First published in 2008. The strands of this book form a unique weave of personal narrative and historical inquiry. Made Love, Got War lays out a half century of socialized insanity that has brought a succession of aggressive wars under cover of―but at recurrent risk of detonating―a genocidal nuclear arsenal.
Norman Solomon is an American journalist, media critic, antiwar activist, and former candidate in 2012 for the United States House of Representatives.
Solomon is a longtime associate of the media watch group Fairness & Accuracy In Reporting (FAIR).
In 1997 he founded the Institute for Public Accuracy, which works to provide alternative sources for journalists, and served as its executive director until 2010.
Solomon's weekly column, "Media Beat", was in national syndication from 1992 to 2009.
After reading War Made Easy, I found this book somewhat disappointing. The autobiographical nature of the first 3/4 of the book is interesting to me as a person with several experiences in common with Solomon. But I did find some of the detail without context, simply a chronology of events. The book encourages thinking and reading in small bits and pieces being divided into some very small segments and few in depth.
Solomon ends with this sentence: "If we want a future that sustains life, we'd better create it ourselves." This is in keeping with Solomon's bottom up community organizing experience and belief. His apparent comfort with politics and politicians seems contrary to this belief because politics is so giving a few people extraordinary power. He does not suggest an alternative to representative democracy as we see it in the U.S. He does briefly refer to small affinity groups in anti-nuclear organizing; I wonder if he would subscribe to the Small Is Beautiful point of view. It seems that he would, but he never really comes to terms with local politics where the ratio of representatives to represented is more manageable.

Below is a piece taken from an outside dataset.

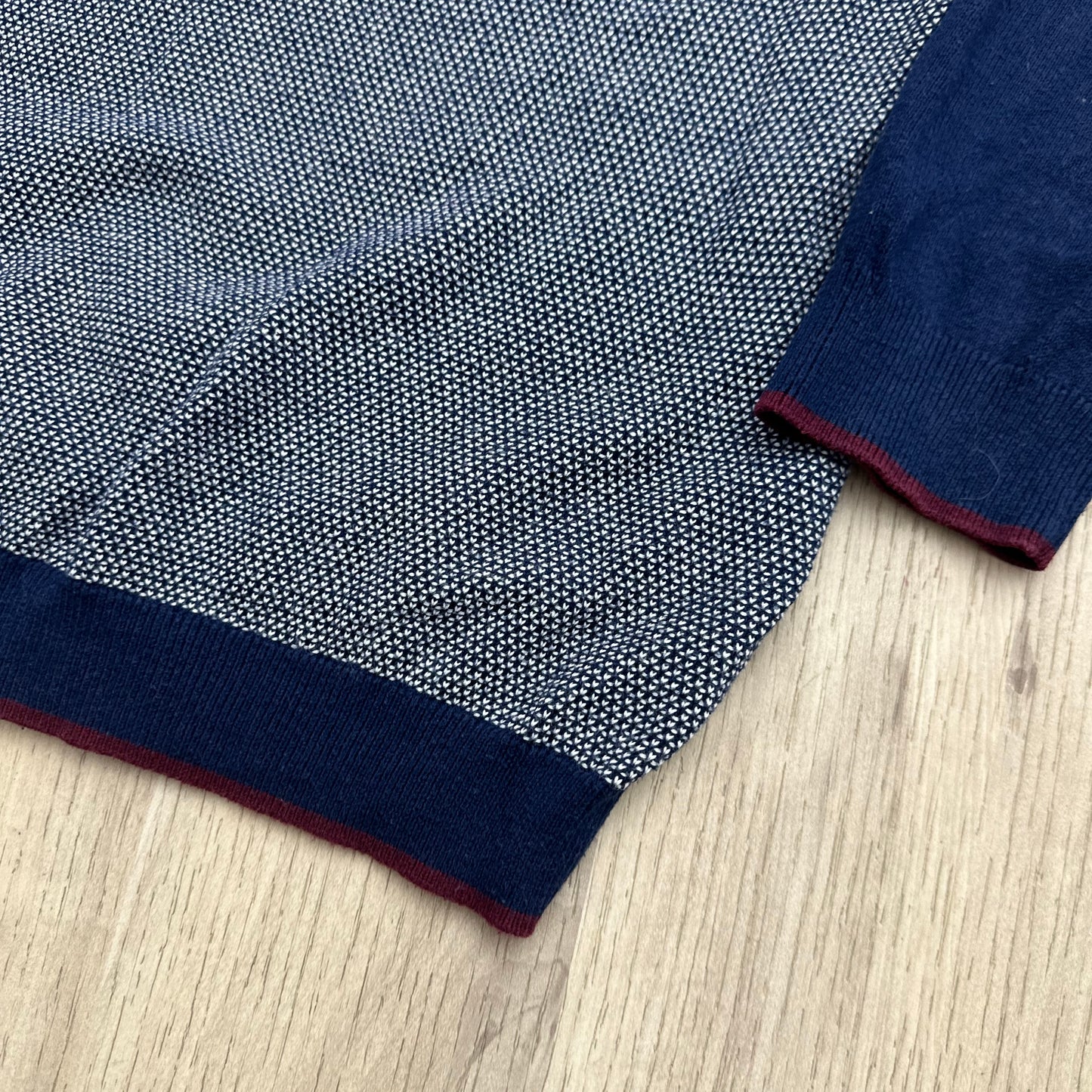 Pull Little cigogne : 12 ans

I think that I would agree with a lot that Norman Solomon thinks and the way he has lived his life. From the examples of debate dialogue that he includes in the book, he seems very conversant with the facts and details of an issue. But, through no fault of his own, his voice can usually be ignored as a part of such a small progressive movement. He must be a part of the left wing caucus of the Democratic Party. But starting and fighting war is a bipartisan mindset, with the Democrats as guilty as the Republicans. War is as American as Mom and apple pie. Solomon knows that as well as anyone and has spent most of his life trying to change that. After reading Made Love, Got War, it seems he has been tireless in that effort. He has been more successful in getting attention for the minority progressive antiwar view than most of us.
He didn't mention war tax resistance in the book, a failing for me, a war tax resister.
Made Love, Got War: Close Encounters With America's Warfare State By Norman Solomon Reviewed by Dee Knight This is a remarkably personal memoir of Norman Solomon’s endless battles against the U.S. warfare state and the mainstream media that enable it. Solomon has remained a consistent voice of the Vietnam-era antiwar rebellion for almost three generations, often alongside the legendary Daniel Ellsberg (of Pentagon Papers fame).
The book provides the original stories of Solomon taking big-time decision makers to Iraq to see for themselves that Saddam Hussein had no “weapons of mass destruction,” as the Bush gang alleged while pushing for war. We also read Solomon’s on-air exchanges with mainstream media anchors who tried to discredit him, but ended up discrediting themselves.
Famous for "War Made Easy: How Presidents and Pundits Keep Spinning Us to Death," which detailed decades of war spinning by governments and their kept media, Solomon has basically institutionalized the endless and thankless task of exposing official deception by the war makers. As founder of the Institute for Public Accuracy, which works to provide alternative sources for journalists, and longtime associate of Fairness & Accuracy In Reporting (FAIR), Solomon also leads Roots Action and Progressive Hub, watchdog groups dedicated to a plethora of progressive causes – from abolishing the death penalty and the electoral college to fighting for voting rights, and much more.
As a member of Solomon’s generation, I feel we could have bumped into each other at any number of protests – in Portland or San Francisco or Washington. But he was often a step ahead, or I may have been in Canada much of the time. But the heroic adventures he describes in "Made Love, Got War" were the adventures of our 1960s generation. In many cases Solomon brings the tension up closer than Norman Mailer or Abbie Hoffman, and he has done it for much longer. In fact he’s a long distance runner that keeps on running. While this memoir sometimes reveals a tone of sadness or a sense of irony at the stubbornly slow pace of change, his readers can be sure he’ll keep going. Read this book for a true sense of how he did it.
Great book!! I was born in 1950 and I grew up through the days and times described in this book. This a great review of the author's personal history and a history of the peace movement in the U.S. and the struggle for some of us in the population to turn our country toward a more equitable and peaceful society. We have to keep on with the struggle! Normon Solomon is helping us all with books like these!